The Adoration of the Name of God (Adoración del nombre de Dios) or The Glory (La gloria) (1772) is a fresco painted by Francisco Goya on the ceiling of the cupola over the Small Choir of the Virgin in the Basílica de Nuestra Señora del Pilar in Zaragoza.

==History==
After returning from travelling in Italy to develop his knowledge in 1771, Goya received the commission to decorate the vault over the small choir of the Basílica del Pilar in Zaragoza, with a painting on the adoration of the name of God, in the execution of which he amply demonstrated his mastery of the techniques of fresco painting. His remuneration, however, was less than that of the other artists working on the ceilings of the basilica: Goya received 15,000 reales in comparison with the 25,000 paid to, for example, Antonio González Velázquez.

==Description==
The work in its final execution displays the stereotypes of Late Baroque Catholic religious painting. To either side are arranged groups of angels directing the attention to the central scene, dominated by the symbol of the Christian Trinity and Godhead: an equilateral triangle inscribed with the Tetragrammaton in Hebrew. Because the various groups are situated at different altitudes, the final impression is rather static, dominated by a composition in the shape of an "X", the result of Goya's intention to have the lines of force coming in from the corners and crossing in the centre.

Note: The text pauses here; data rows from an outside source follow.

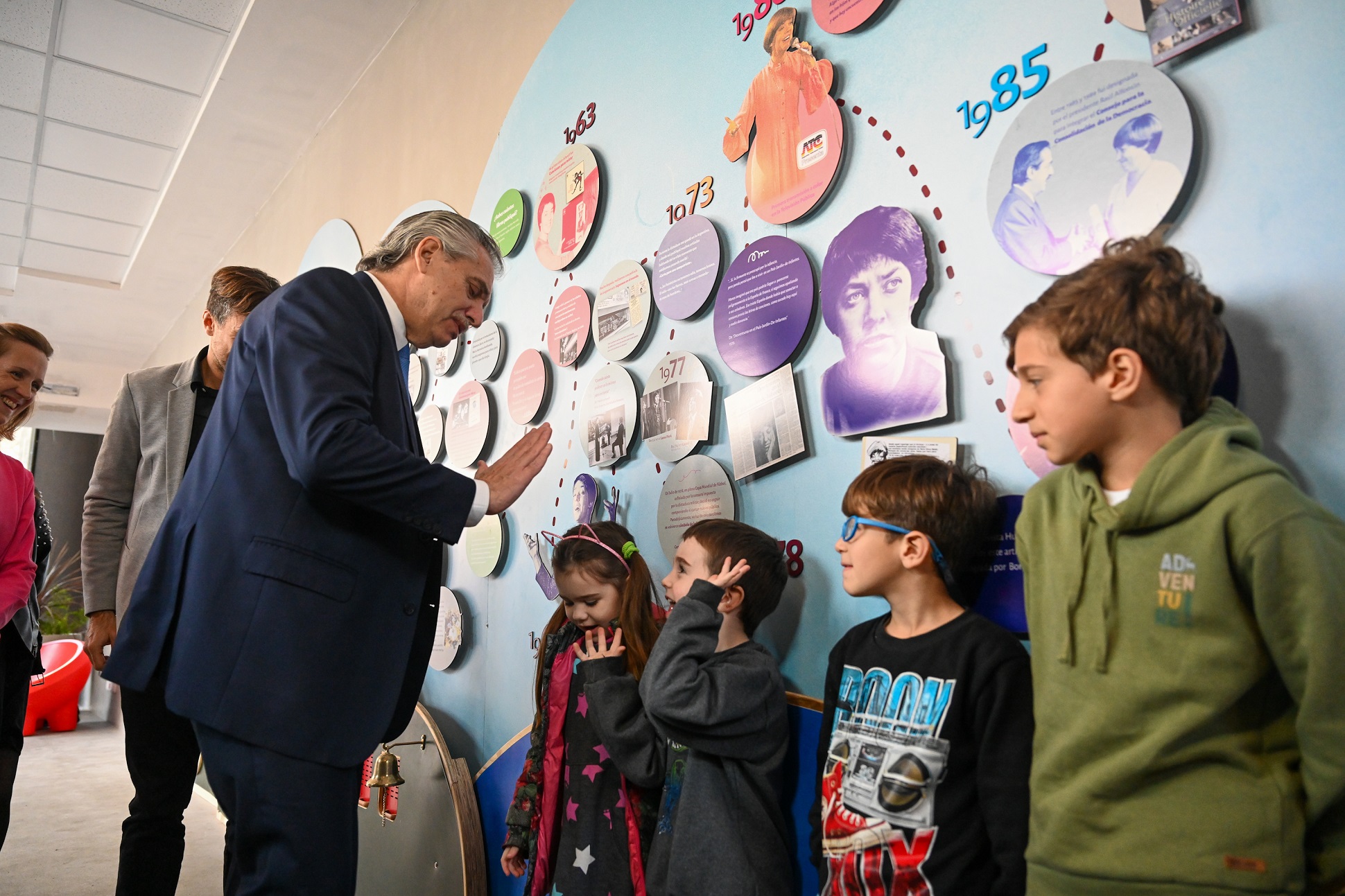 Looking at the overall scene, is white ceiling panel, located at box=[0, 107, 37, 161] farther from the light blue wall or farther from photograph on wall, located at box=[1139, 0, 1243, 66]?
photograph on wall, located at box=[1139, 0, 1243, 66]

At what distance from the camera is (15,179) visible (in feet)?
14.1

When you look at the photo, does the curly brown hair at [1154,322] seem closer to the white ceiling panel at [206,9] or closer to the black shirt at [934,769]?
the black shirt at [934,769]

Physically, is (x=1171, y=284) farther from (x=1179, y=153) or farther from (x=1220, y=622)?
(x=1220, y=622)

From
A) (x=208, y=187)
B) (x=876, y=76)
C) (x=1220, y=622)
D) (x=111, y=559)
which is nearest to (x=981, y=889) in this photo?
(x=1220, y=622)

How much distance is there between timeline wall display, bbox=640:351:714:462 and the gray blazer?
1038 millimetres

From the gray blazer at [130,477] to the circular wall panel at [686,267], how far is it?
1.09 metres

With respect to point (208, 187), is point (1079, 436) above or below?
below

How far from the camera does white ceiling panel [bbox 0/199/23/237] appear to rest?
4590mm

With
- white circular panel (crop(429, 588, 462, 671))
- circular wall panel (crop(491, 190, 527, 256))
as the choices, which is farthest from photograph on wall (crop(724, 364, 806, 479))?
white circular panel (crop(429, 588, 462, 671))

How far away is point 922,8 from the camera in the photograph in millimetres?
1223

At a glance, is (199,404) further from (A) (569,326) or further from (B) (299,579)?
(B) (299,579)

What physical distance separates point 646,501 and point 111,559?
1.21m

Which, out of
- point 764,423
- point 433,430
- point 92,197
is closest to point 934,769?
point 764,423

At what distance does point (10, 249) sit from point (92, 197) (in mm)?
1137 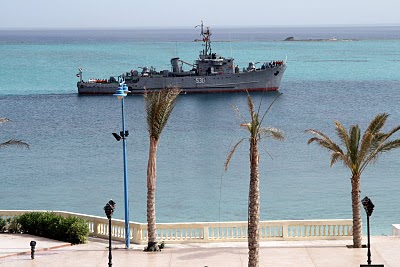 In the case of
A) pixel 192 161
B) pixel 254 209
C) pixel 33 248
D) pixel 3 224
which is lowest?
pixel 192 161

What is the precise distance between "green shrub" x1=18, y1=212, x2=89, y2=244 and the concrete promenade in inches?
13.0

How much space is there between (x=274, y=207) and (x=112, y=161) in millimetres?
20322

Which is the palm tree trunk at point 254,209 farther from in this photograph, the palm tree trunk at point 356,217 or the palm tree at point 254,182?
the palm tree trunk at point 356,217

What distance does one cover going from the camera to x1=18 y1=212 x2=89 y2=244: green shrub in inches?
1167

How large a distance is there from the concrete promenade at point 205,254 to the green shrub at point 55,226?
330 millimetres

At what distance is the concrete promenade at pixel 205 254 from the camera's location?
26609 millimetres

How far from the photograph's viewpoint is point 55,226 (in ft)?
98.3

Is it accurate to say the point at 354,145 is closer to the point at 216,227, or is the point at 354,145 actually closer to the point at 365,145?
the point at 365,145

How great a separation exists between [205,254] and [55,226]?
523cm

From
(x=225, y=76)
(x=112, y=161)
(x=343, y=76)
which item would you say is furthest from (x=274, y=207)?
(x=343, y=76)

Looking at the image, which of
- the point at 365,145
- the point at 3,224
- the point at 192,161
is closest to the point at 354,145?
the point at 365,145

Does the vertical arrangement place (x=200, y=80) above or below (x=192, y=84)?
above

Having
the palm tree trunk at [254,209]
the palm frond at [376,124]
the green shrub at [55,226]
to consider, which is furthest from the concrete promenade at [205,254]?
the palm frond at [376,124]

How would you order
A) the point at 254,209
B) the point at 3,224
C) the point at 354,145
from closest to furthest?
1. the point at 254,209
2. the point at 354,145
3. the point at 3,224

Various sketches and preparatory drawings for the work have been preserved which display more accomplishment than the painting on the cupola shows in actuality, although it must be borne in mind that the fresco has been restored no less than four times, in 1887, 1947, 1967 and 1991. In them Goya planned a composition of great contrast in the colouring and the illumination, and with a considerably greater dynamism in the movement than is visible in the finished product.